Gradually, I was put in charge of other men, and I think I was pretty fair as a boss. I was always willing to give everyone who came up the gangplank a chance, even if I knew he had been kicked off another ship. I’d say, ‘There’s your weapons system, there’re the maintenance schedules, I want you to paint it, clean it, oil it, grease it. If you need help, ask me. It’s your job now, but if it doesn’t work it’s down to you.’ And, by putting my trust in someone like that, I often found I’d get the best-maintained system on the ship. When a guy who’s made a mistake is given a second chance, he’s not going to mess up again.

I made my men work really hard, and the only punishment I used for misdemeanours was making them stick little round hole-strengtheners on all my files. We had huge books of drawings of the wiring of all our different systems, known as BRs (‘books of reference’). This was in the days before microfiches and computers were widely in use, of course. I didn’t want the paper to tear where holes were punched, so if the guys did something wrong I’d sit them down with a huge pile of sticky hole-strengtheners and make them do both sides of each page. I heard the lads called them ‘paper arseholes’, which made me smile.

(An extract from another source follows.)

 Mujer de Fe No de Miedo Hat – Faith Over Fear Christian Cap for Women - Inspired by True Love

I was really committed to the job – if there was still work to be done, you’d never find me slipping off to a pub onshore – and I reckon I dealt with it and my men pretty well. I saw the young guys who had gone straight into the officer-training course, usually from comfortable backgrounds where Mummy and Daddy took care of everything, and I knew I’d made the right decision to work my way up the ranks. They didn’t have an iota of experience, and yet they were supposed to be in charge of men who had huge family problems, divorces, sick children, money worries, and they had no idea what to do. It was better to be a big fish in a small pond than a small fish who was thrown right in at the deep end of the big pond, in my opinion.

I had a fantastic time along the way, on all the different ships I was posted to. The life could be very glamorous. I remember I spent six months in the Great Lakes between America and Canada on the biggest ship that had ever made its way in there. As we approached through the locks, the huge wicker fenders on the ship’s sides caught fire due to the friction, the fit was so tight. We were there as a kind of exhibition ship. Models like Jerry Hall came to do shows on the helicopter flight deck, wearing spindly high heels that tended to get caught in the mesh of the deck covering.

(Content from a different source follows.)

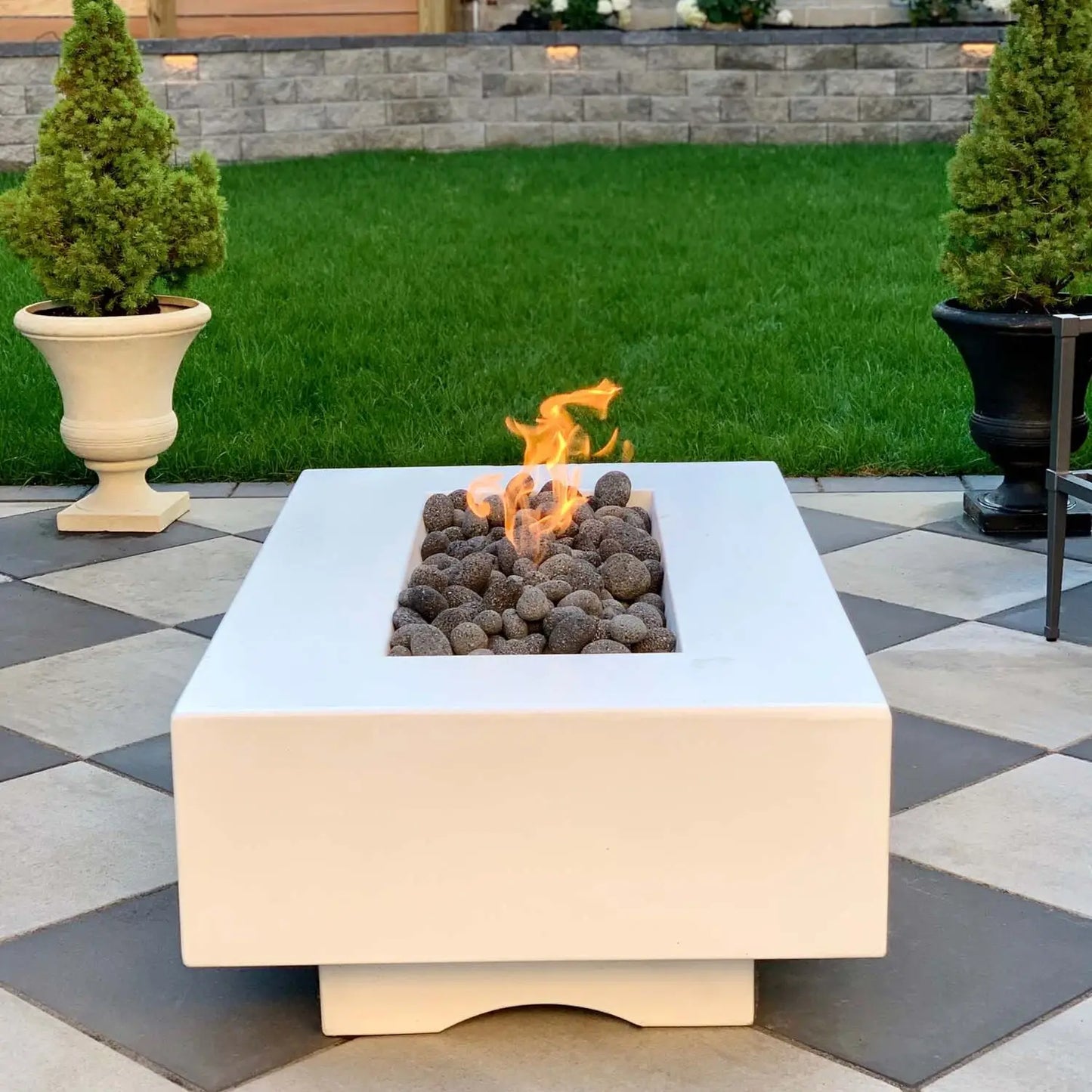 Outdoor Plus Del Mar Concrete Fire Pit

We sailed to Chicago, Milwaukee, Duluth, and everywhere we went there were flash parties with champagne and cocktails. We flew the ship’s helicopter over Niagara Falls, and I remember we stopped in Montreal on the way back up the St Lawrence River. I have a vivid memory of climbing a huge set of wooden steps there, up from a park to a place where there were stunning views right up and down the river for miles and miles. I’ve searched for it in Google Earth and I can find the park but I can’t find those steps, and that drives me crazy because then I start doubting myself and wondering if I’m just imagining them. But I’m sure I’m not.